Archived color maps of local temperature anomalies are available on-line at:

http://nsstc.uah.edu/climate/

As part of an ongoing joint project between UAH, NOAA and NASA, Christy and Dr. Roy Spencer, an ESSC principal scientist, use data gathered by advanced microwave sounding units on NOAA and NASA satellites to get accurate temperature readings for almost all regions of the Earth. This includes remote desert, ocean and rain forest areas where reliable climate data are not otherwise available.
Neither Christy nor Spencer receives any research support or funding from oil, coal or industrial companies or organizations, or from any private or special interest groups. All of their climate research funding comes from federal and state grants or contracts.

Their satellite-based instruments measure the temperature of the atmosphere from the surface up to an altitude of about eight kilometers above sea level. Once the monthly temperature data is collected and processed, it is placed in a "public" computer file for immediate access by atmospheric scientists in the U.S. and abroad.

How could this super-El Niño affect our worldwide weather?

El Niños occur when waters in the eastern Pacific ocean become warmer than those in the west, halting or even reversing easterly trade winds and affecting the jet stream flow that propels weather systems across the planet. Therefore this pattern is a major driving force affecting the global climate, and has been a significant factor in the production of drought conditions across Australia and eastern Asia, and heavy rainfall along the east Pacific coast.

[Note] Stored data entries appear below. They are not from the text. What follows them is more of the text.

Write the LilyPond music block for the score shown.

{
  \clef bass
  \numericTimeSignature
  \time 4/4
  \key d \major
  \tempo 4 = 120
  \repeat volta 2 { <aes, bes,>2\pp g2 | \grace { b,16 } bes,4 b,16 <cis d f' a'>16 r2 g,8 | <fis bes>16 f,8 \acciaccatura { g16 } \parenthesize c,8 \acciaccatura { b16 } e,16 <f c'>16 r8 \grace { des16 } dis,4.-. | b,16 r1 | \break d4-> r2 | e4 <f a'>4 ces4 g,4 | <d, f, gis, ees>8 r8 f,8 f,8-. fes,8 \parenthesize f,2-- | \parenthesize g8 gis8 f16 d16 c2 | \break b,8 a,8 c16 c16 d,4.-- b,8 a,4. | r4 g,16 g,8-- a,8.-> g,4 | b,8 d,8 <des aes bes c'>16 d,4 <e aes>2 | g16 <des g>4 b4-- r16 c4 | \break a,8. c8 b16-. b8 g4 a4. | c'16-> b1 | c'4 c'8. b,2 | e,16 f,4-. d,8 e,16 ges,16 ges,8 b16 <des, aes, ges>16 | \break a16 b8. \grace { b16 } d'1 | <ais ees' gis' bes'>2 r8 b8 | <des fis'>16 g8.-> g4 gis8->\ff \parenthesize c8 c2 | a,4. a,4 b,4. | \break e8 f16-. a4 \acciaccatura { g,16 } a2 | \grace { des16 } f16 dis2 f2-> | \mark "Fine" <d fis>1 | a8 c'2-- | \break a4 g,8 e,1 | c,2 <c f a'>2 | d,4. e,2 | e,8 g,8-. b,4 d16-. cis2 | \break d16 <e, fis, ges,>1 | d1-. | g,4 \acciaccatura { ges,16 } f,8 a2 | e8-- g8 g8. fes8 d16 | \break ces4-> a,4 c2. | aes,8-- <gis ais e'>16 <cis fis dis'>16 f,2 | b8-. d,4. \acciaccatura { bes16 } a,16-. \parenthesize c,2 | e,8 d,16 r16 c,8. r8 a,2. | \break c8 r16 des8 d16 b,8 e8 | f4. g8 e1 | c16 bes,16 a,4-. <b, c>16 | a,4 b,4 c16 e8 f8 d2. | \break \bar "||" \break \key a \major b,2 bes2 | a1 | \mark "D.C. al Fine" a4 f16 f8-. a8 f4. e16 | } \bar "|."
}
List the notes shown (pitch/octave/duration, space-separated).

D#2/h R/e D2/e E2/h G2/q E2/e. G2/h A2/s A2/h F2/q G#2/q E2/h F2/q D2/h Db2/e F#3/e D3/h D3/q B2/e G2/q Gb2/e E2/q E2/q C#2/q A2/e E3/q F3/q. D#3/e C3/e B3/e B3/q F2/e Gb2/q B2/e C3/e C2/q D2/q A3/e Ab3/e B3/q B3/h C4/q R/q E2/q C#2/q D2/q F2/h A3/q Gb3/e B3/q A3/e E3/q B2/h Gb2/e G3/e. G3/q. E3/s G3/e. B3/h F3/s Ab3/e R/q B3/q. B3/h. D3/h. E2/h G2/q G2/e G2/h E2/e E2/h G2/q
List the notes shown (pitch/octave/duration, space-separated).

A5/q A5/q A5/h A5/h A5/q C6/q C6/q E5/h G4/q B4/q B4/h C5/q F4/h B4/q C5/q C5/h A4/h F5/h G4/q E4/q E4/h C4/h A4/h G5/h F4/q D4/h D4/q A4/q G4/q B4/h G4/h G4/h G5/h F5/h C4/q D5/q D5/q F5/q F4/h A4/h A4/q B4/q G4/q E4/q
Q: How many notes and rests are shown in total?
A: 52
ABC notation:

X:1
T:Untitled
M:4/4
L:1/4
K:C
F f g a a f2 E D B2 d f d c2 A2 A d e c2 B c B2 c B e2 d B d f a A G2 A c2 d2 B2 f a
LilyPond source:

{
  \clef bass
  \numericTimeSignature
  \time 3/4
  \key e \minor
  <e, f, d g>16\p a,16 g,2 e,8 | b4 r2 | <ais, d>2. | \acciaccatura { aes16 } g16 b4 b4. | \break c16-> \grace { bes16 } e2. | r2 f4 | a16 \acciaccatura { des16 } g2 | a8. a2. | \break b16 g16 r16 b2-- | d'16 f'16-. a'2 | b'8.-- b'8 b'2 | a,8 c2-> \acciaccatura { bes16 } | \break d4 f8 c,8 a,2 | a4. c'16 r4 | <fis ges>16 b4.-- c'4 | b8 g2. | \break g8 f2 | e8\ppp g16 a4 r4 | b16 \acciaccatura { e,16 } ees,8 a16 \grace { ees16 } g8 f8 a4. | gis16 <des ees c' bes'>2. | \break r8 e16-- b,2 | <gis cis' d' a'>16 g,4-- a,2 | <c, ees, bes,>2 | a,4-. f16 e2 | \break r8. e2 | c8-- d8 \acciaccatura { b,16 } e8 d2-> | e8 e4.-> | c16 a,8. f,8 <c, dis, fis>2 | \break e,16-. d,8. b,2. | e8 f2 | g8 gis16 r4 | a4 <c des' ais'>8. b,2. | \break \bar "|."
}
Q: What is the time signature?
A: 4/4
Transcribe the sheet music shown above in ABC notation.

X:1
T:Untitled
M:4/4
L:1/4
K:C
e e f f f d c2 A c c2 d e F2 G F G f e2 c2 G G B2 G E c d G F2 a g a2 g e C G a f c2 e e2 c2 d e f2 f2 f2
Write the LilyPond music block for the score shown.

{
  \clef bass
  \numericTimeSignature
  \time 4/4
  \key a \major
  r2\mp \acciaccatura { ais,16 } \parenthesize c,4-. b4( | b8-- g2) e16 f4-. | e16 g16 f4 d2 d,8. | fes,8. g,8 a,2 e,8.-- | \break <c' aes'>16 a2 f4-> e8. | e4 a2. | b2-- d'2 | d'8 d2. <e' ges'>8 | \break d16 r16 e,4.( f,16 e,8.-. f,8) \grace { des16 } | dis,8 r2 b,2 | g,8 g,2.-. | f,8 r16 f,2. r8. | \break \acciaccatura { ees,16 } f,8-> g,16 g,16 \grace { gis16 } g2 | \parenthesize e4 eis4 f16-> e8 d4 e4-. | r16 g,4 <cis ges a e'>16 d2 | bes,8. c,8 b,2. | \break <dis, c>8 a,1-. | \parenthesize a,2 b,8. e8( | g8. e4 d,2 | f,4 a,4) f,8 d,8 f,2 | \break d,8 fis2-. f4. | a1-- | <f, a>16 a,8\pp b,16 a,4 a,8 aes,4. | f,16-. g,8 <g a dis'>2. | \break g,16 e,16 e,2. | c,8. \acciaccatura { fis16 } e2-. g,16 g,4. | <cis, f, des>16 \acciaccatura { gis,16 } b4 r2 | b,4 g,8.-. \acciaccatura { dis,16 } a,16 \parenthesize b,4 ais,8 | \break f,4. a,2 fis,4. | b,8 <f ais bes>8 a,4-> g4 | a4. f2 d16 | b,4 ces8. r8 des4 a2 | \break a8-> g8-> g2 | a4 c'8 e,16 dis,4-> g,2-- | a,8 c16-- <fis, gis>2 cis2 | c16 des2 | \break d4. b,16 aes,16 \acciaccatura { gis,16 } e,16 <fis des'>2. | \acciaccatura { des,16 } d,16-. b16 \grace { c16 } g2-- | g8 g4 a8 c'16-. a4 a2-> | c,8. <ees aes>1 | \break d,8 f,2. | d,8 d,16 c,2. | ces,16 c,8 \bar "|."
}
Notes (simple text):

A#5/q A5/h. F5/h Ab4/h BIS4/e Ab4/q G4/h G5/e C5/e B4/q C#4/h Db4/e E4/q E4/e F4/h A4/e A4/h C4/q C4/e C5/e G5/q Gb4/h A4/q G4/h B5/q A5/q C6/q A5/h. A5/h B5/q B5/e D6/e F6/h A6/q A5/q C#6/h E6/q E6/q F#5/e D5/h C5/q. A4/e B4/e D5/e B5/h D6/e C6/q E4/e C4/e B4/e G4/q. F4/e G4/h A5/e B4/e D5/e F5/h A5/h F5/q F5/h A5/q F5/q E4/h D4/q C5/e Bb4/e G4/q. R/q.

Australia has already experienced record-breaking summer temperatures during the past twelve months, but the incoming El Niño could exacerbate this trend even further, creating widespread droughts and associated bushfires.These type of conditions are more prone to occur if an El Niño combines with a positive Indian Ocean Dipole or Indian Niño, an Indian ocean version of El Niño which results in less moisture being drawn across the continent from the north-west. Fortunately, the latest El Niño updates suggest that this scenario is becoming less likely.

In the U.S., the incoming El Niño is forecast to bring increased precipitation to Texas and a higher incidence of storms across the southern part of the United States, but the good news is that hurricanes are less likely in the Atlantic ocean. This is because of El Niño’s effect on the Jet stream which propels storms across the south and Eastern Seaboard, causing them to make landfall much sooner; storms that linger out at sea gather intensity and there is a higher potential for them to develop into hurricanes.

Ed Hawkins, a climate scientist at Reading University warned that although fewer hurricanes would form in the Atlantic, it could be a different story in the Pacific:

“We might expect more hurricanes in the Pacific but less hurricanes in the Atlantic. We might expect rainfall changes over Africa and South America in particular," he said.

The previous mega El Niño of 1997-8 had a devastating impact all across the world, particularly in developing countries; agriculture was badly affected, and extreme weather events caused around US$ 35-45 billion in damage and caused around 23,000 deaths worldwide.
Some experts are predicting that the lethal combination of a very strong El Niño in conjunction with the already extreme effects of climate change could result in the hottest year on record:

“The prediction that 2014 will be the hottest year on record is a rough estimate but based on sound physics and the latest predictions for the growing El Niño during the remainder of the year,” warned Piers Forster, a professor of climate change at Leeds University in the United Kingdom.

Unknown Country will be joining the world’s meteorologists in keeping a close eye on this forthcoming weather phenomenon, and watching how it unfolds in an already volatile climactic arena.